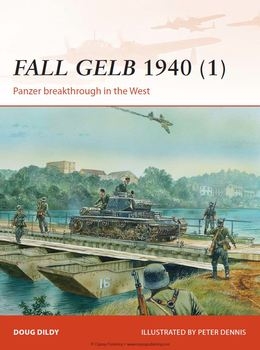 Fall Gelb 1940 (1) Panzer Breakthrough in the West (Osprey  Campaign 264)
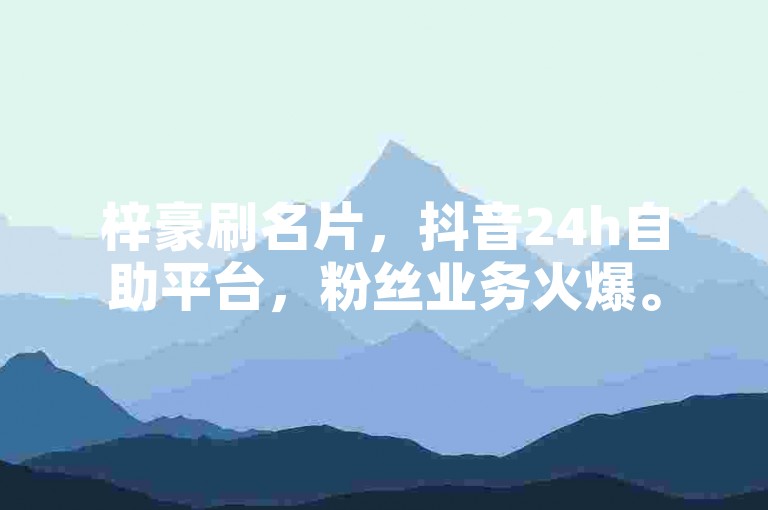 梓豪刷名片，抖音24h自助平台，粉丝业务火爆。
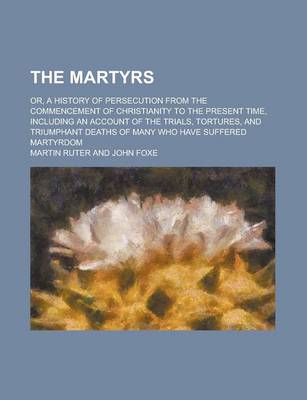 Book cover for The Martyrs; Or, a History of Persecution from the Commencement of Christianity to the Present Time, Including an Account of the Trials, Tortures, and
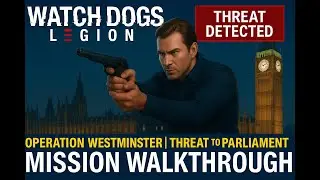 Watch Dogs: Legion &ndash; Operation Westminster | Threat to Parliament Mission Walkthrough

◆ WORK TO COMPLETE ◆
Without any of the pictures, reproduce the listing above exactly.

◆ ANSWER SPACE ◆
 Fall Gelb 1940 (1) Panzer Breakthrough in the West (Osprey  Campaign 264)
 梓豪刷名片，抖音24h自助平台，粉丝业务火爆。
 Book cover for The Martyrs; Or, a History of Persecution from the Commencement of Christianity to the Present Time, Including an Account of the Trials, Tortures, and
 Watch Dogs: Legion &ndash; Operation Westminster | Threat to Parliament Mission Walkthrough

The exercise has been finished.